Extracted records
Segment Open

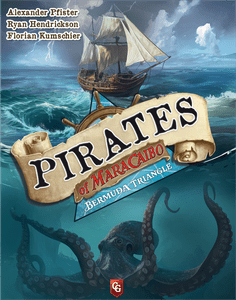 Pirates of Maracaibo: Bermuda Triangle Cover Artwork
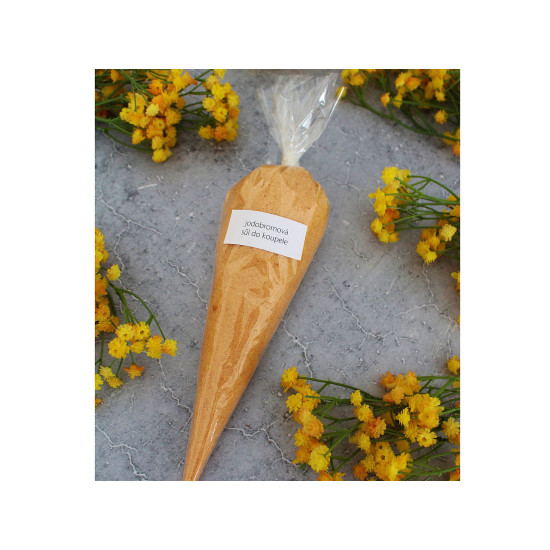 Cellophane bag / cone 17x35 cm - Transparent (20 Pieces)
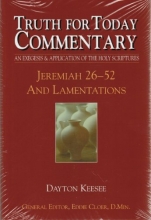 Cover art for Jeremiah 26-52 and Lamentations (Truth for Today Commentary)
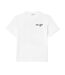 T-shirt Style Imprimé Au Dos Homme Blanc Lacoste-2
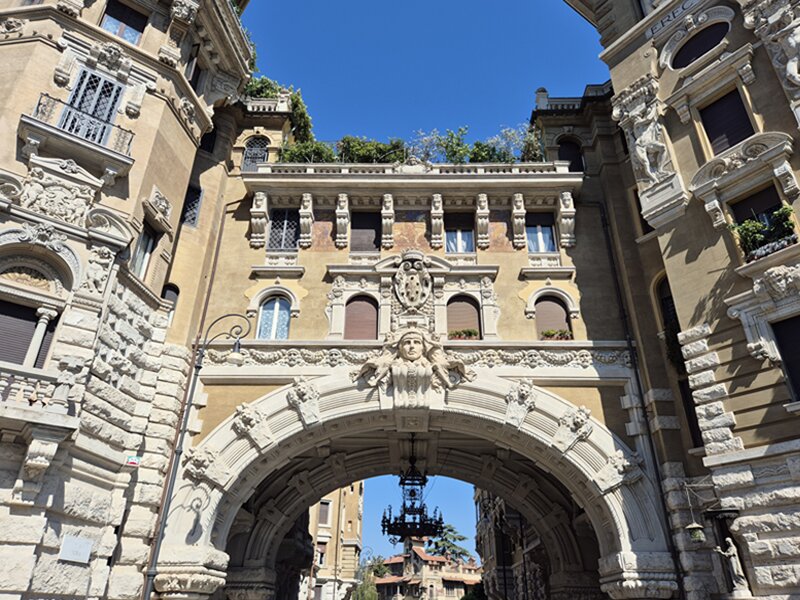 La bellezza del quartiere Copped&egrave; a Roma - La storia e lo sviluppo del quartiere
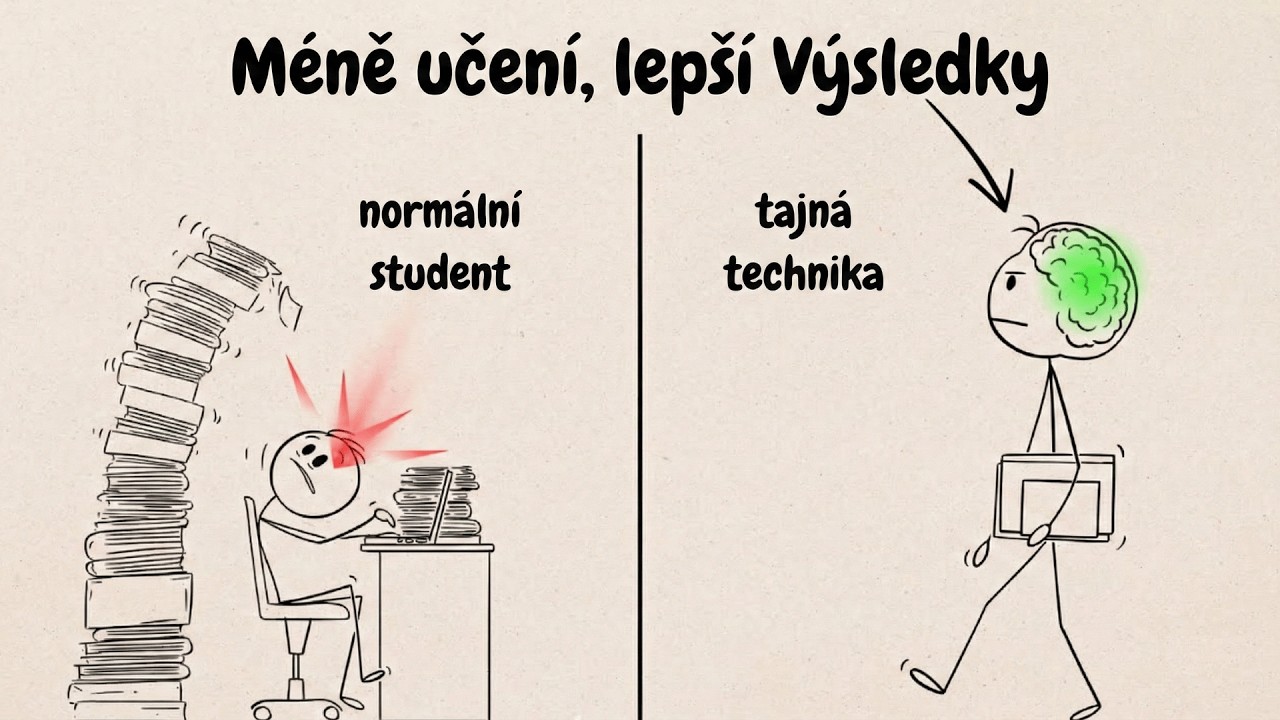 Jak Se Učit EFEKTIVNĚ Když To NESNÁŠÍŠ?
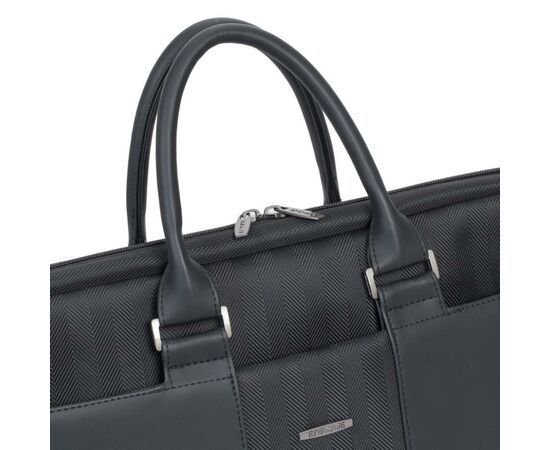 Сумка для ноутбука RivaCase 15.6" 8135 Black (8135Black), изображение 3 Сумка для ноутбука RivaCase 15.6" 8135 Black (8135Black), изображение 3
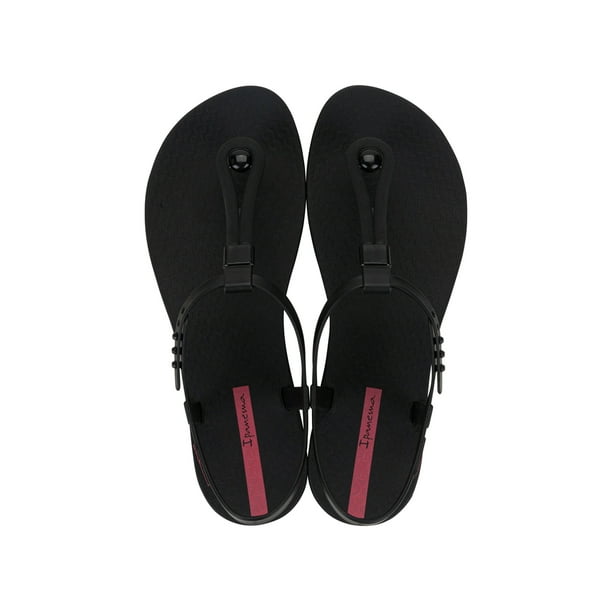 Sandalia Mujer Negro Class Slim Ipanema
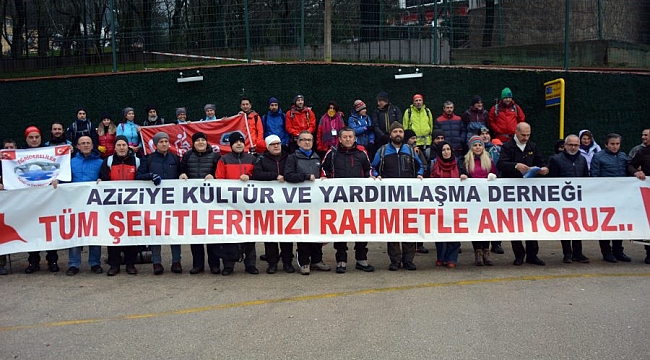 Sarıkamış için yürüdüler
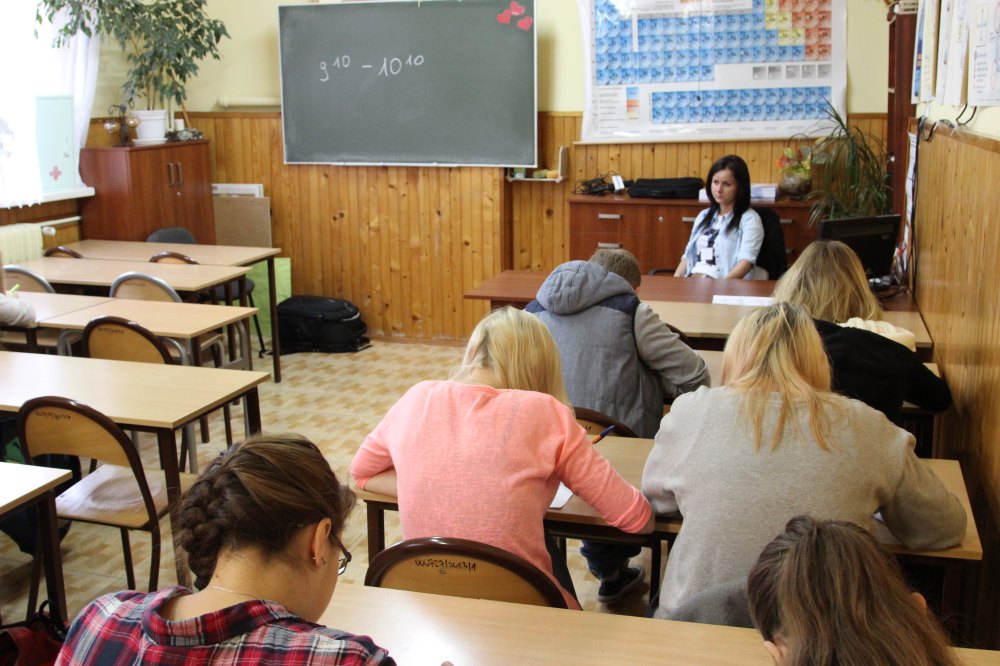 Jasieniec,ZSP,uczniowie,olimpiada,OWiUR,XL edycja OWiUR,eliminacje szkolne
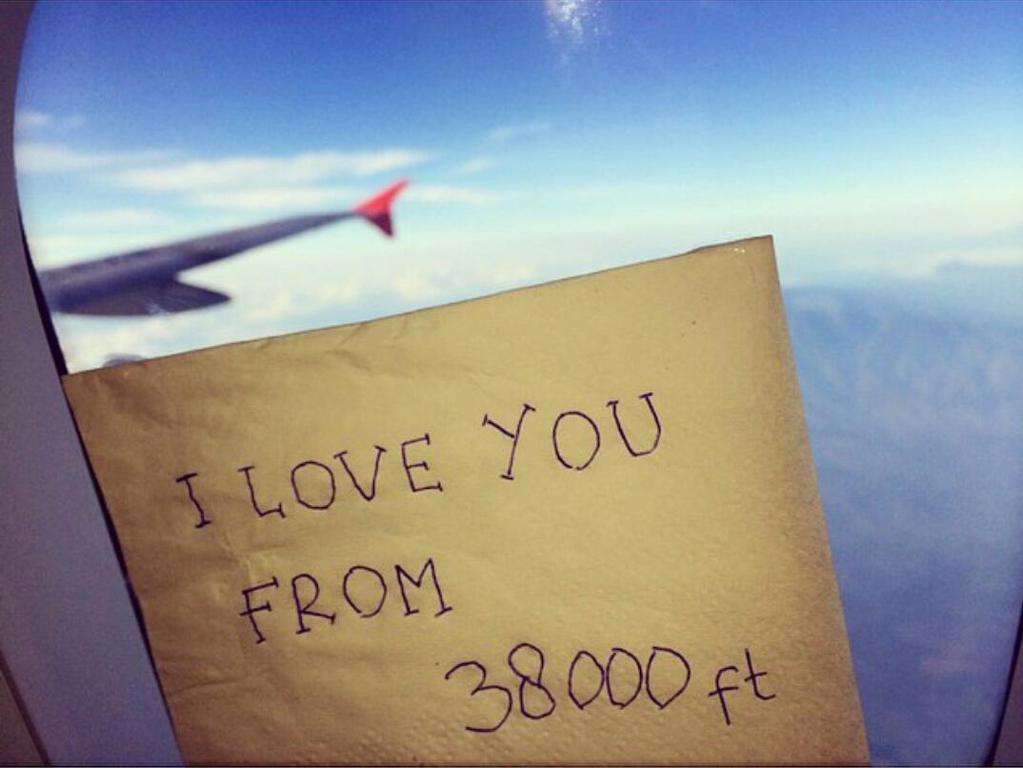ILY From 38.000 FT Terinspirasi Pesan Almarhum Pramugari AirAsia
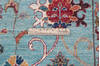 Chobi Green Hand Knotted 51 X 69 Area Rug 700-146587 Thumb 6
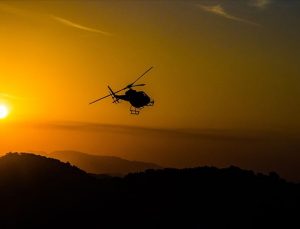Askeri helikopter düştü: 8 kişi öldü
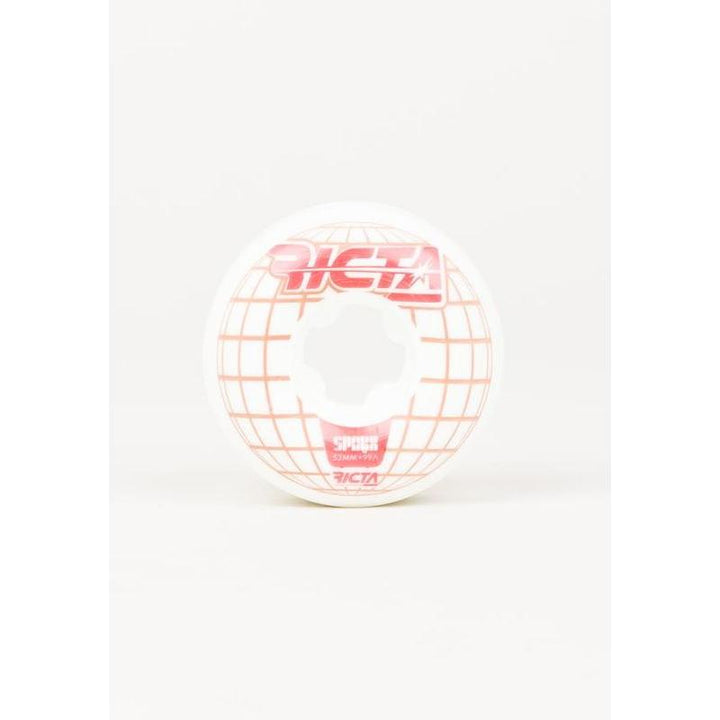 Ricta Wheels Mainframe Sparx white 53mm 99a – Skateboard Rollen, Ansicht 1
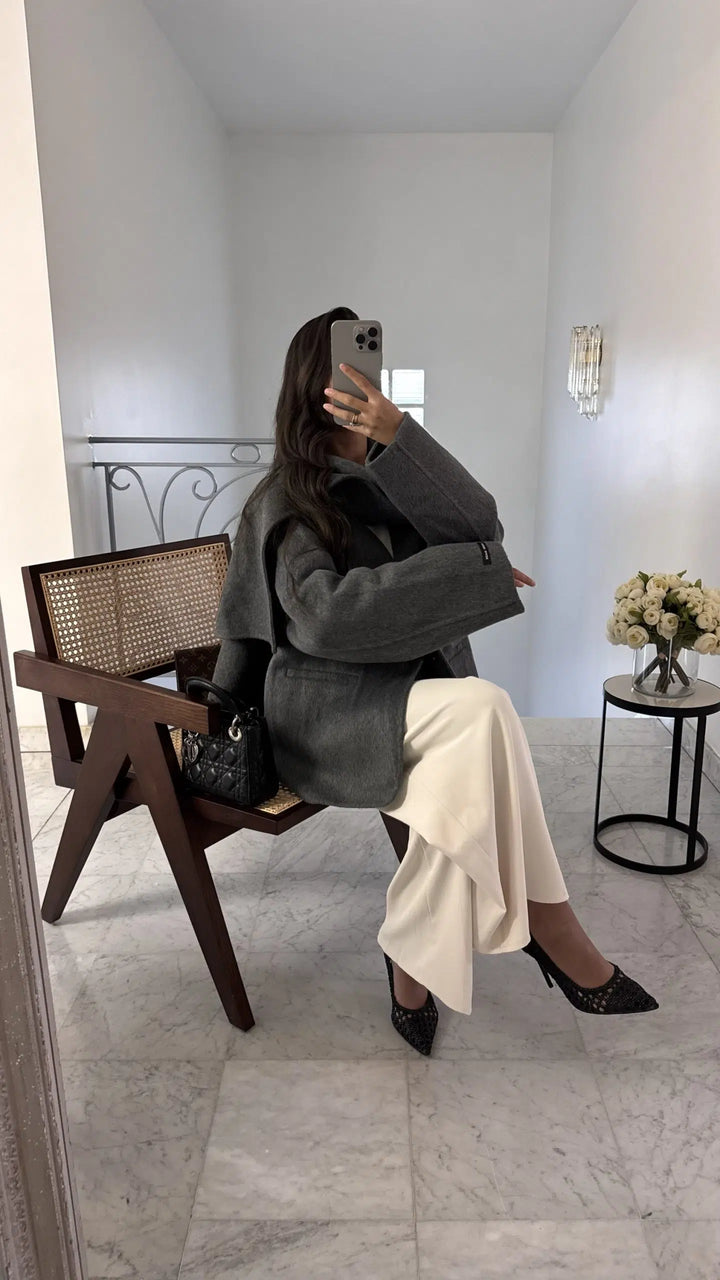Stirling Wool Cape Coat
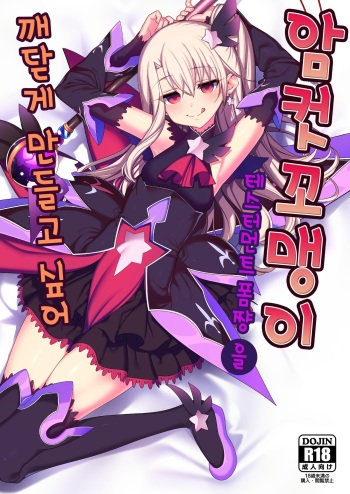 (AkihabaraDoujinsai 1) [Ranshi to Kimi to. (santa)] Mesugaki Testament Form-chan o Wakarasetai | 암컷꼬맹이 테스터먼트 폼쨩 을 깨닫게 만들고 싶어 (Fate/Grand Order) [Korean] cover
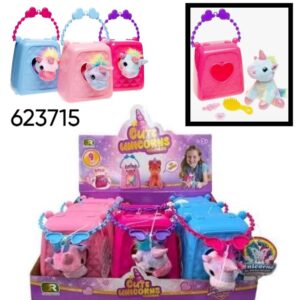 Valijita con unicornio y accesorios (623715)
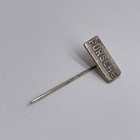 Vintage Porsche Logo Emblem Metal Automotive Lapel Hat Stick Pin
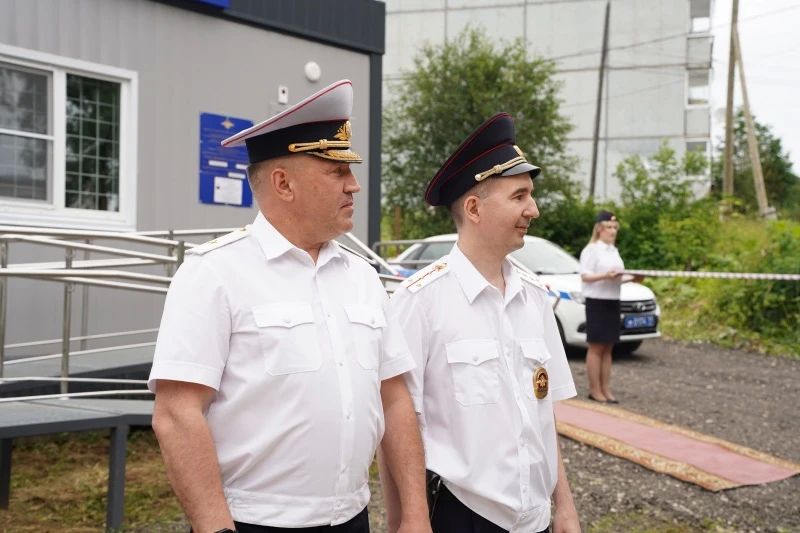В Сыктывдинском районе открылся новый модульный участковый пункт полиции В Сыктывдинском районе открылся новый модульный участковый пункт полиции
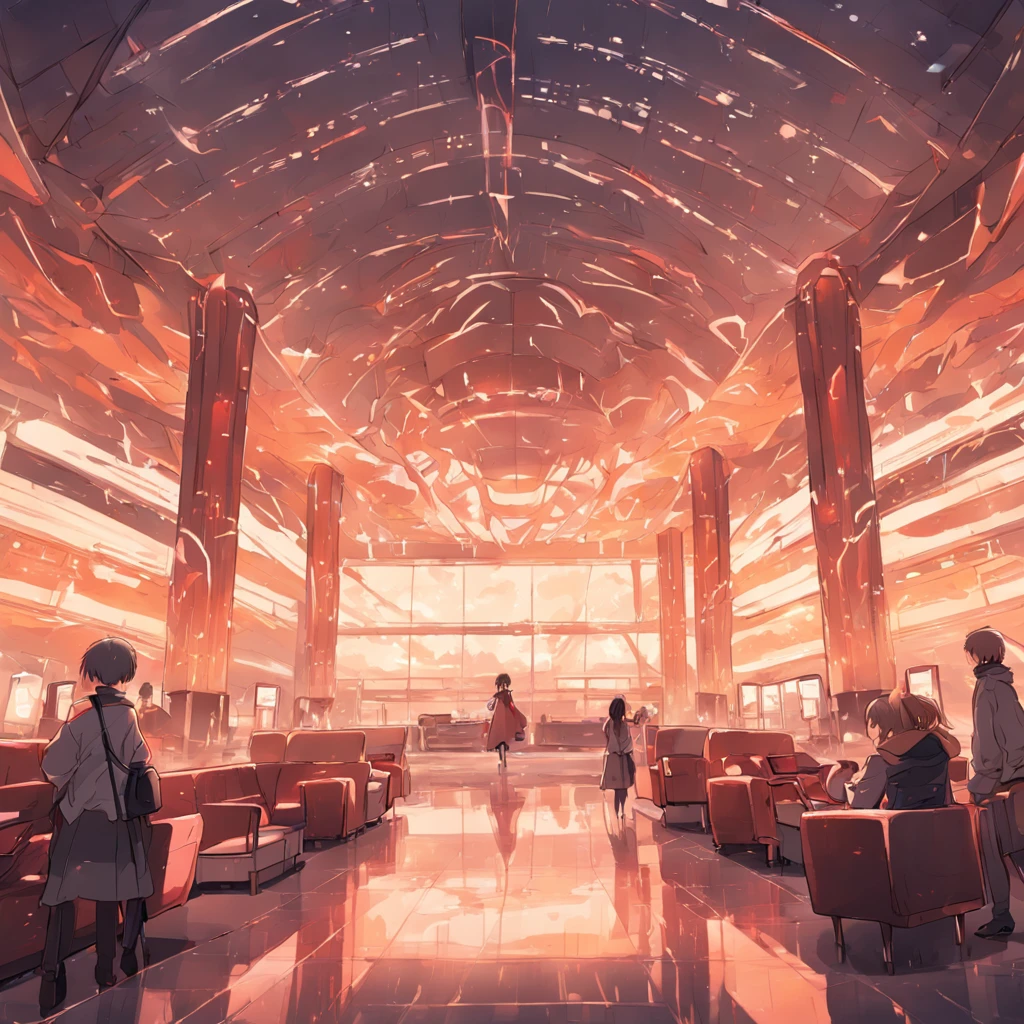 Airport lounge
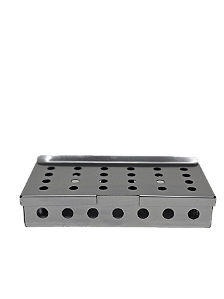 Caixa De Defumação Smoker Box 23 Cm Para Churrasco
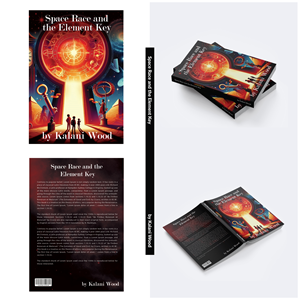 Book Cover Design by Channel9 for this project | Design: #33530770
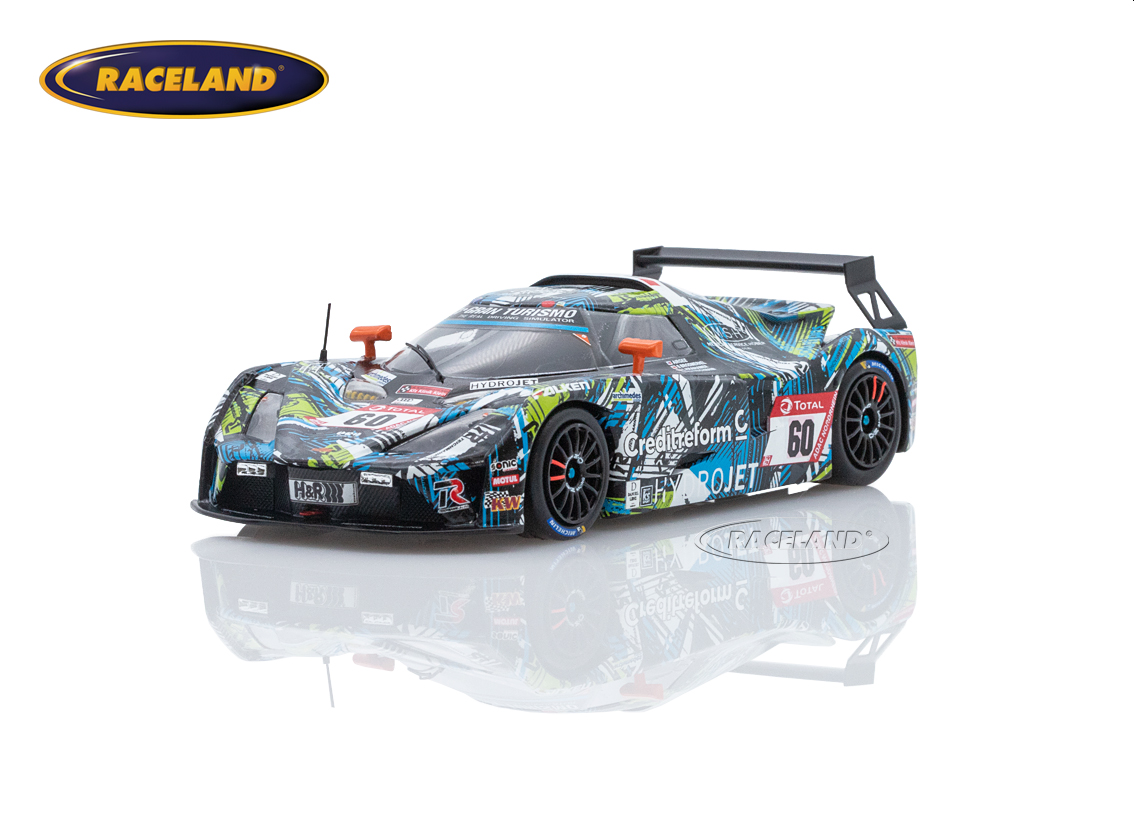 KTM X-Bow GT4 Teichmann Racing 75° 24H Nürburgring 2021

Segment Closed

→ What is required: Only the text of the records belongs in your answer, repeated exactly; the pictures stay out.

→ Exercise response:
 Pirates of Maracaibo: Bermuda Triangle Cover Artwork
 Cellophane bag / cone 17x35 cm - Transparent (20 Pieces)
 Cover art for Jeremiah 26-52 and Lamentations (Truth for Today Commentary)
 T-shirt Style Imprimé Au Dos Homme Blanc Lacoste-2
 La bellezza del quartiere Copped&egrave; a Roma - La storia e lo sviluppo del quartiere
 Jak Se Učit EFEKTIVNĚ Když To NESNÁŠÍŠ?
 Сумка для ноутбука RivaCase 15.6" 8135 Black (8135Black), изображение 3 Сумка для ноутбука RivaCase 15.6" 8135 Black (8135Black), изображение 3
 Sandalia Mujer Negro Class Slim Ipanema
 Sarıkamış için yürüdüler
 Jasieniec,ZSP,uczniowie,olimpiada,OWiUR,XL edycja OWiUR,eliminacje szkolne
ILY From 38.000 FT Terinspirasi Pesan Almarhum Pramugari AirAsia
 Chobi Green Hand Knotted 51 X 69 Area Rug 700-146587 Thumb 6
Askeri helikopter düştü: 8 kişi öldü
 Ricta Wheels Mainframe Sparx white 53mm 99a – Skateboard Rollen, Ansicht 1
Stirling Wool Cape Coat
 (AkihabaraDoujinsai 1) [Ranshi to Kimi to. (santa)] Mesugaki Testament Form-chan o Wakarasetai | 암컷꼬맹이 테스터먼트 폼쨩 을 깨닫게 만들고 싶어 (Fate/Grand Order) [Korean] cover
 Valijita con unicornio y accesorios (623715)
 Vintage Porsche Logo Emblem Metal Automotive Lapel Hat Stick Pin
В Сыктывдинском районе открылся новый модульный участковый пункт полиции В Сыктывдинском районе открылся новый модульный участковый пункт полиции
 Airport lounge
 Caixa De Defumação Smoker Box 23 Cm Para Churrasco
 Book Cover Design by Channel9 for this project | Design: #33530770
 KTM X-Bow GT4 Teichmann Racing 75° 24H Nürburgring 2021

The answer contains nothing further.